“Io vi salverò”: la (non) salvezza ai tempi dei social
Valentina Camerini, poliedrica scrittrice milanese, ha di recente pubblicato “Io vi salverò” (Mondadori, 225 pagine, Euro 17,50), un romanzo in tre tempi. Lui. Lei. Loro.
“La menzogna è un cappotto comodo, difficile levarselo di dosso”.
Lui è Sebastian, mago della comunicazione, uomo di successo in qualche modo segnato dalla scomparsa tragica e prematura dei genitori. Un bel loft in cui vivere, con la moglie Ania, il figlio Giulio, il cane Amleto.

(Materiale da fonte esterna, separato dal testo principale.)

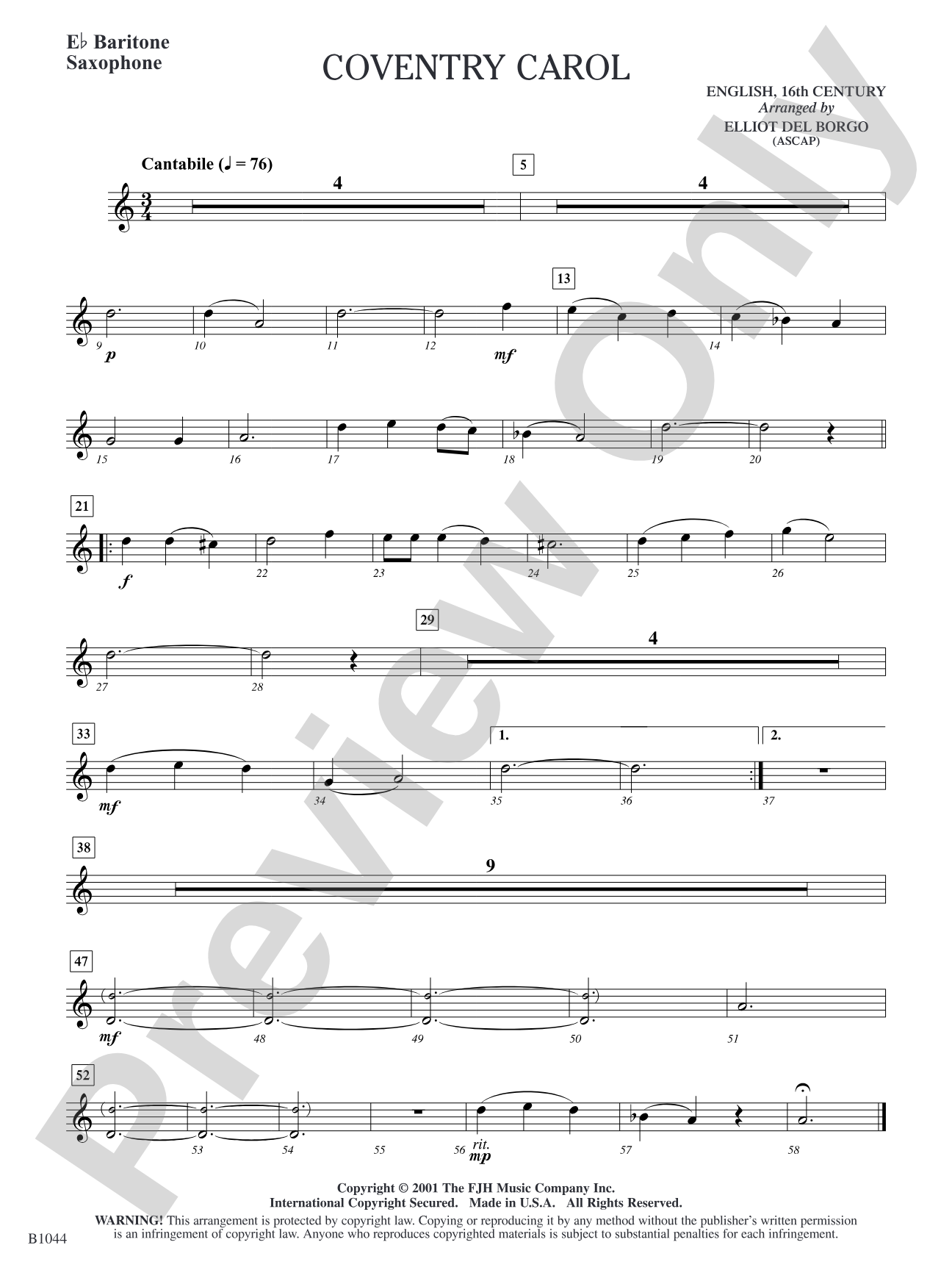 Coventry Carol: E-flat Baritone Saxophone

Milano sullo sfondo.
Lei è Ania, ingegnere ucraina che per amore di Sebastian viene in Italia. Si dedica alla casa, al figlio, a evitare le altre madri e le convenzionali attività, tanto nel mondo reale quanto in quello social.

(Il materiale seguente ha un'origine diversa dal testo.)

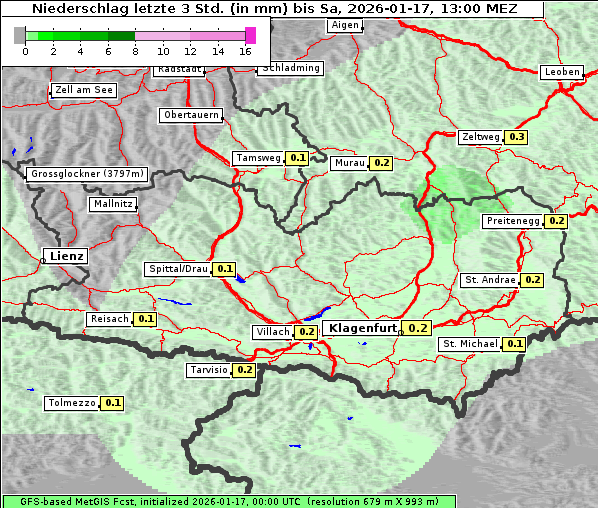 Niederschlag, 17. 1. 2026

Loro sono una famiglia che, crollato il mondo lavorativo di Sebastian, si deve ricostruire, ma per farlo deve prima riscoprirsi come nucleo tenuto insieme da qualcosa che vada oltre l’inerzia e le abitudini. Sebastian, Ania, Giulio e Amleto lasciano il loft che non possono più pagare, e si mettono in viaggio in macchina con l’idea di arrivare in Ucraina e lì trovare un modo economico di vivere, fino a che la tormenta social, in cui Sebastian si è ritrovato coinvolto per una campagna di comunicazione andate male, non si placa.
Ma non arriveranno in Ucraina, non subito almeno.
Tra Ungheria e Romania, Giulio si ammala. La famiglia trova riparo in una villa abbandonata, in cui irrompe un altro “loro”. Sono Hamida, Yousef e Tariq, famiglia in fuga dalla guerra civile che devasta la Siria. Iniziano una convivenza e un’amicizia fatte di racconti e supporto che portano a una solidarietà reale, a un conforto reciproco. Fino a quando Sebastian, grazie a quei social che lo avevano fatto a pezzi, vede nascere nuove opportunità. E sarà quella l’occasione per mostrare tutto quello che ha imparato e, soprattutto, scelto di vedere.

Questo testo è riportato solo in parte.